15 de julio de 2010

Muñeca

" Quién sabe si en el fondo los humanos no vemos en las miniaturas una réplica de nuestro mundo más tranquilizadora que el verdadero, un empequeñecimiento en el que se concentra una solidez que a nuestro tamaño no acabamos de comprender. Tal vez las casas de muñecas nos ayudan a entendernos mejor, a no temer tanto ese misterio de la vida que no podemos alcanzar.
(…)

5 comentarios:

Cornelivs dijo...

Tal vez...

O quizas despierten nuestras peores pesadillas...

;)

Besos!

Amio Cajander dijo...

lo que pasa es que nos parece poder controlarlas

Campurriana dijo...

Estoy de acuerdo con ambos. Por un lado, nos asustan cuando aparecen en escenarios propensos al temor de que algo inerte cobre vida sin nuestro permiso. Por otro lado, podemos sacarlas sólo cuando las necesitamos y para lo que necesitamos...
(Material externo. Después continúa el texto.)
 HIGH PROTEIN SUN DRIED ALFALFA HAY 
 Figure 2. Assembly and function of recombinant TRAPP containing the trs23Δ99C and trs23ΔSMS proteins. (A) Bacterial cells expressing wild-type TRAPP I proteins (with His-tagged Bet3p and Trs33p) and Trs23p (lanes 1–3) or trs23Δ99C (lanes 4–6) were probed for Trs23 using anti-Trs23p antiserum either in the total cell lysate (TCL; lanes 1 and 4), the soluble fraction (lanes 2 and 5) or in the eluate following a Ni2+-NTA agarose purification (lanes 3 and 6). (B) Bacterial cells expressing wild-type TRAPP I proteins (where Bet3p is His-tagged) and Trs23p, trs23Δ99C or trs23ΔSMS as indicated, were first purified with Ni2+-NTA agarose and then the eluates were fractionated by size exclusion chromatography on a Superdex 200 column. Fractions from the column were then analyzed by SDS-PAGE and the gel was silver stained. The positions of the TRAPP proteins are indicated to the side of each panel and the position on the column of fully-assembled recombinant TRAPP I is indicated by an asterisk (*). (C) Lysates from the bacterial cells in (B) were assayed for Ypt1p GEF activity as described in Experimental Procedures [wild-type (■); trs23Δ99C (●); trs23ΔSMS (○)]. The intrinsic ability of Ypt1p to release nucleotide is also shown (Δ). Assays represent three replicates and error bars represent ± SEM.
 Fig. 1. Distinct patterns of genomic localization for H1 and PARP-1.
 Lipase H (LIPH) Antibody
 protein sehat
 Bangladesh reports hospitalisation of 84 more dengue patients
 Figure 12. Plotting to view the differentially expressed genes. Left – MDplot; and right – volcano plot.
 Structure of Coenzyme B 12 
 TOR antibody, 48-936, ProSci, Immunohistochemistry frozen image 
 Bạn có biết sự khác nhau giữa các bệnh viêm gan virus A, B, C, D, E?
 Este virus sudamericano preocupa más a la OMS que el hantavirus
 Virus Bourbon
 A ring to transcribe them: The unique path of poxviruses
¿Y no me decís nada de esta muñeca?. Fue una agradable sorpresa que apareció en mis paseos por el trastero de la casa del pueblo...
:)

Anónimo dijo...

Y ademas con ojos saltones.
La foto es en una capilla de la Toja en Pontevedra.

Kpax

Campurriana dijo...

Lo suponía pero no estaba segura, Kpax. Ya conozco el lugar del que hablas.